Veelix

Veelix Case study

Building cloud infrastructure and DevOps automation in a greenfield environment

+12
month

Project Duration

18

Team Members

Customer

VEELIX is a start-up building a web platform through which universities, schools, and private teachers can create teaching materials and administer their students. Students can communicate with each other, work on their exercise sheets and take exams.

Challenge

The start-up did not have any IT infrastructure and internal processes for the developers to work efficiently. Naturally, the software developers wanted to start right away with coding. They chose a microservice approach, which created an even higher demand of good DevOps structures. The main problem was, therefore, to bring the microservices of both backend and frontend together and to work on them in a group of around 10-15 developers.

Solution

  • Orchestrate containers with Kubernetes
  • Aligning production and development environments with Helm/Helmfile
  • Using Tilt for local development

The first step was to introduce Kubernetes for both local development (through Kind clusters) and the production system.

The code was centralized into a mono repository, as this was the easiest to manage. Within this repo, the different microservices were separated. The corresponding Helm charts, Dockerfiles and application configuration were also part of the repository.

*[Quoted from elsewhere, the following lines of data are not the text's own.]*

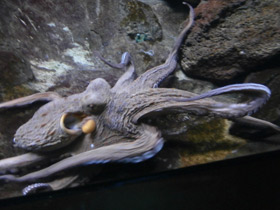 Фото Обыкновенный осьминог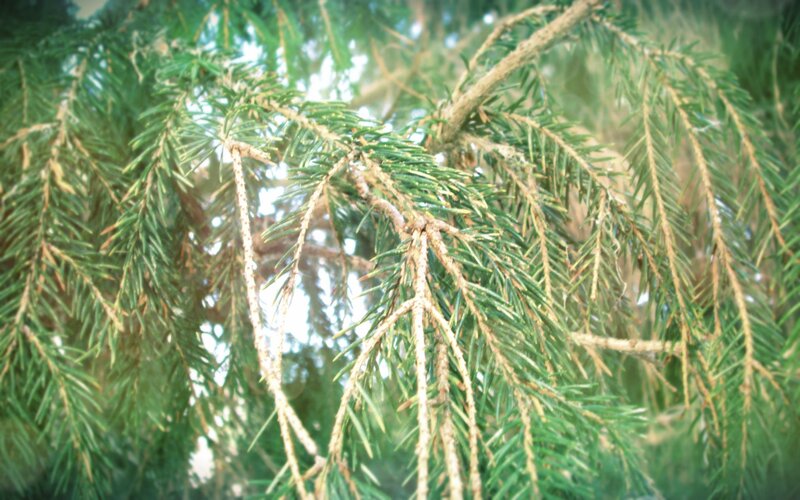 Close-up of evergreen branches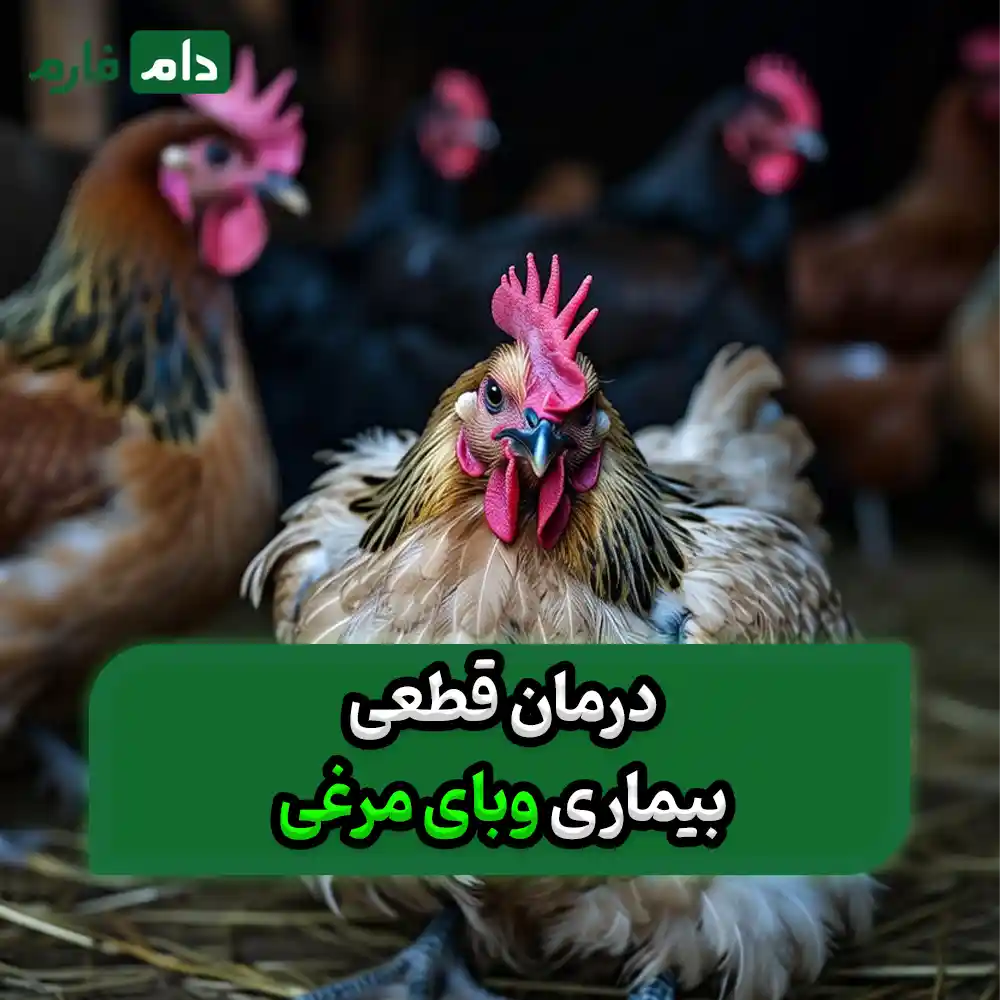 Fowl-cholera-disease---method-of-transmission---diagnosis---prevention-and-treatment-of-cholera-disease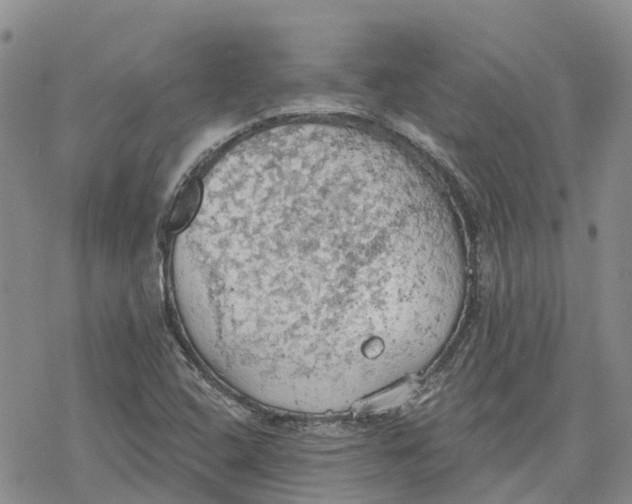 X0000078231408200611251202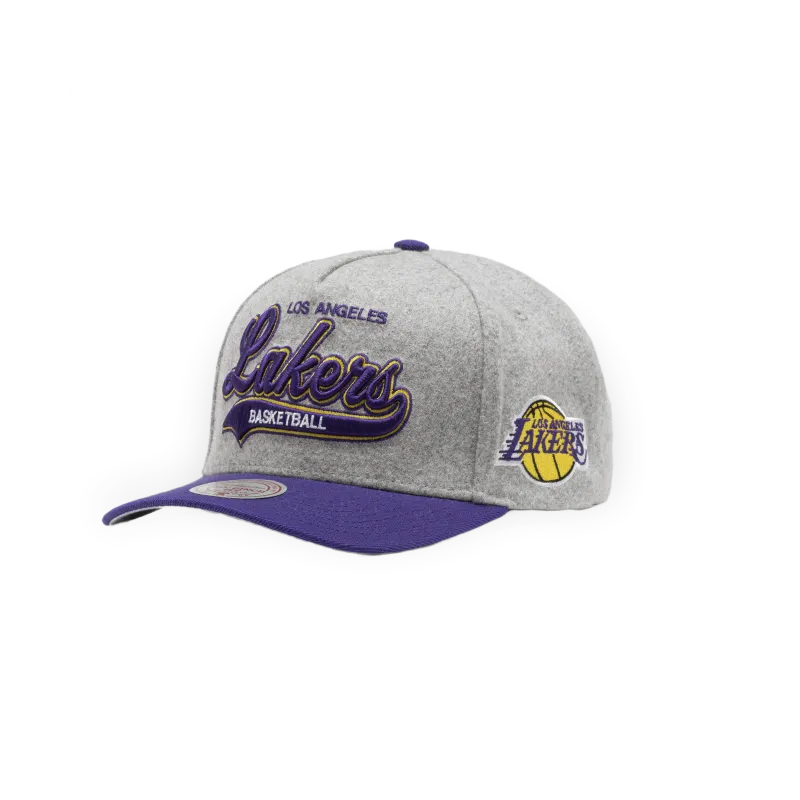 Mitchell & Ness Nba Tailsweeps Pro Snapback Los Angeles Lakers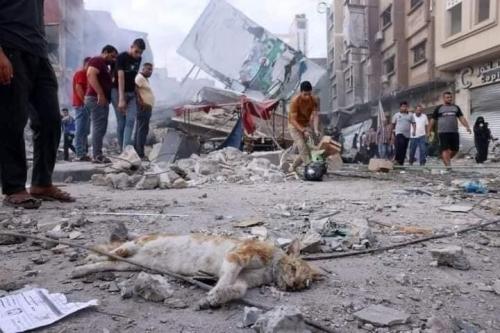 IMG_20231030_092056_716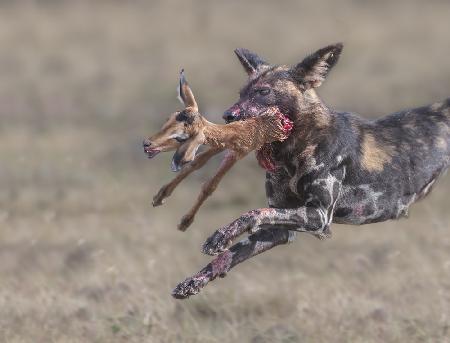 Wilder Hund zerreißt Impala-Baby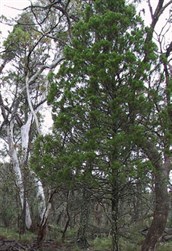 Black Cypress Pine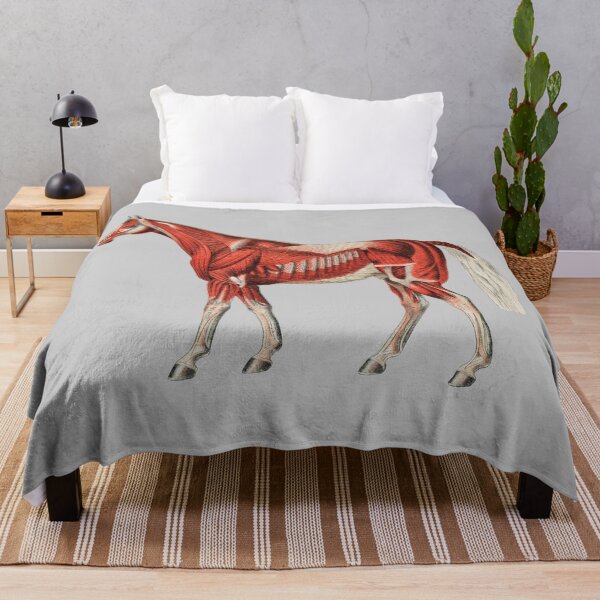 Item preview, Horse Skeleton Muscles designed and sold by Flamin' Galah.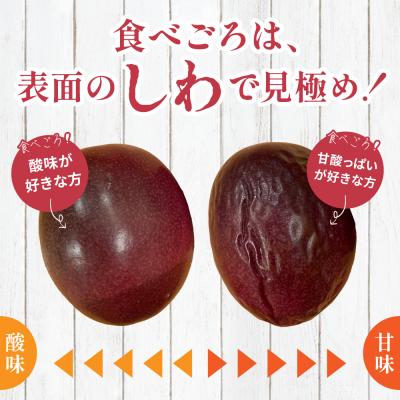 ふるさと納税 南さつま市 鹿児島県産 パッションフルーツ 約2kg(10〜12個程度×2箱) 先行受付 ◆6〜8月順次お届け◆ |  | 02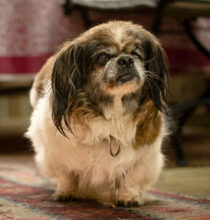 OMI GINA, Hund, Tibet Spaniel in Lauf - Bild 20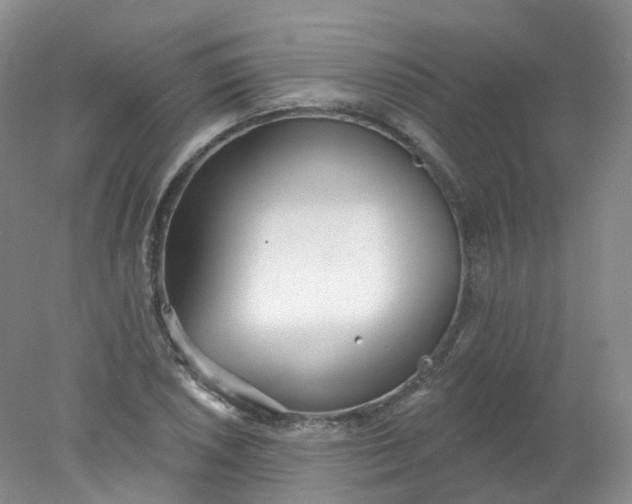 X0000078311026200611172209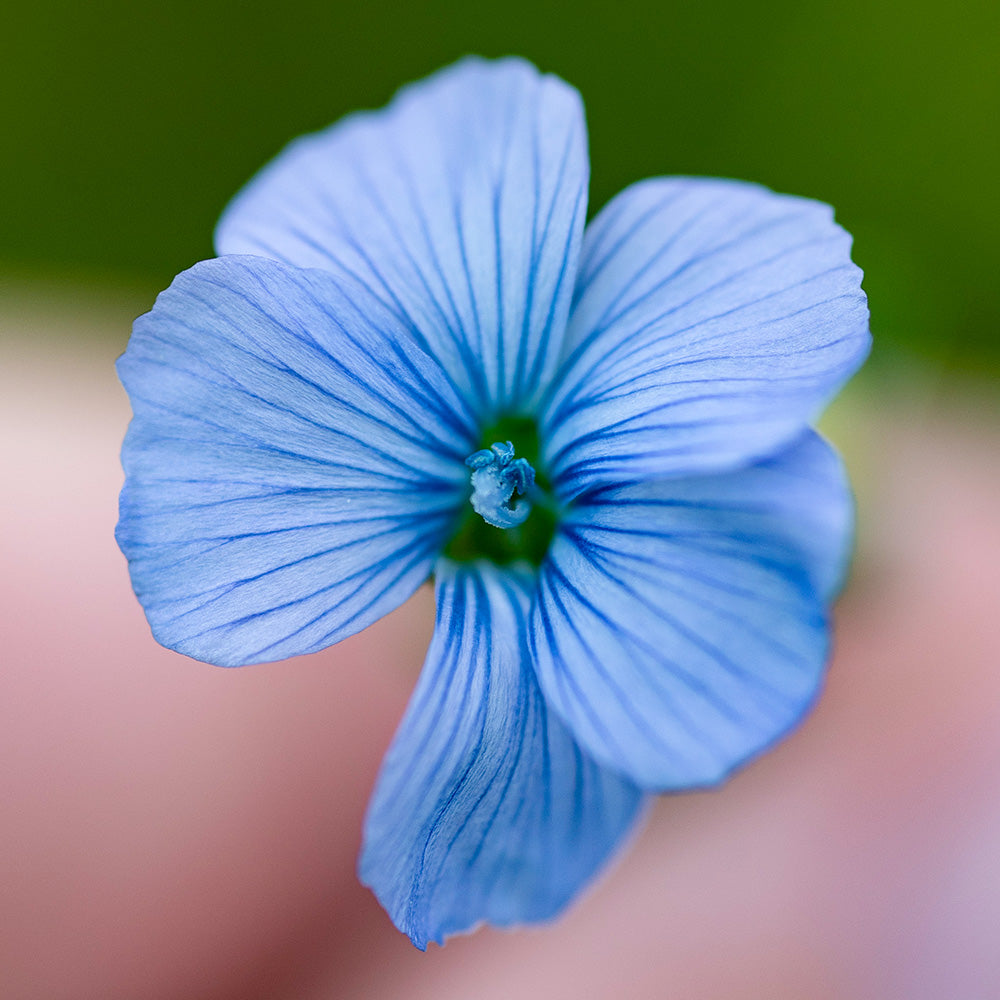 forget me not seed to flower time Chinese Forget-Me-Not – Truelove Seeds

The next challenge that Syself addressed was how to efficiently manage multiple microservices. Helm was chosen for its abilities of templating and packaging Kubernetes objects. As most of these microservices did not have special requirements (Kubernetes deployment, service, routing with Istio, scaling, and security), we used our Monochart. With its help, redundant Helm code was avoided.

Because of interdependencies of these microservices, Syself introduced Helmfile which allows managing multiple Helm charts efficiently, e.g. by applying them in a certain order. Helmfile started first the databases and then the microservices that used these databases. Then the database migrations ran and seeding jobs were started.

Using this setup, it was easy to configure new environments with just a few lines of code. All of these environments, both for local environment and production system, were aligned. Only very few parameters needed to be changed. For example, the domains or lighter databases for development with heavier production databases.

Thanks to Helmfile, the developers did not need any expertise in DevOps to change a few parameters. They were able to get different database seeding and verbosity levels or to additionally start debugging tools. The developers were empowered to take over some DevOps tasks to optimally configure their microservices.

Even though Helm and Helmfile provided very good opportunities to define different environments, they alone were not enough for developers to work efficiently. Therefore, a Tilt setup imitated a production environment on the local machine of the developers. All while keeping the speed of development similar to the one of developing stand-alone code.

In a central settings file, the developers defined exactly how their environment should look like. For example, which microservices they wanted to deploy and whether the images were supposed to be pre-built from a remote source or built locally (to be able to update it). Pre-built images were, of course, faster, so the developers typically used only few microservices with local builds.

This Tilt setup allowed developers to work in a Kubernetes environment with hot reloads in less than a second (e.g. for Golang apps with caching).

The Kind cluster and the applications managed by Helm and Helmfile running in different testing environments (incl. database seeding) also served as the basis for end-to-end tests in a CI system.

Results

After finishing the project, VEELIX’s team was able to work efficiently together. Due to some issues with less powerful laptops, the memory consumption of the Tilt setup was dramatically reduced.

Unlike most developers were used to from earlier projects, no external APIs were used for testing. This allowed workflows like the following:

A frontend developer realizes that the backend microservice does not fully behave as expected. The owner of this backend service fixes the issue quickly and pushes the commit. The frontend developer switches the build type of the respective microservice to a local build and is able to test the fix immediately - without waiting for the CI/CD pipeline to create a new remote dev cluster with the fix.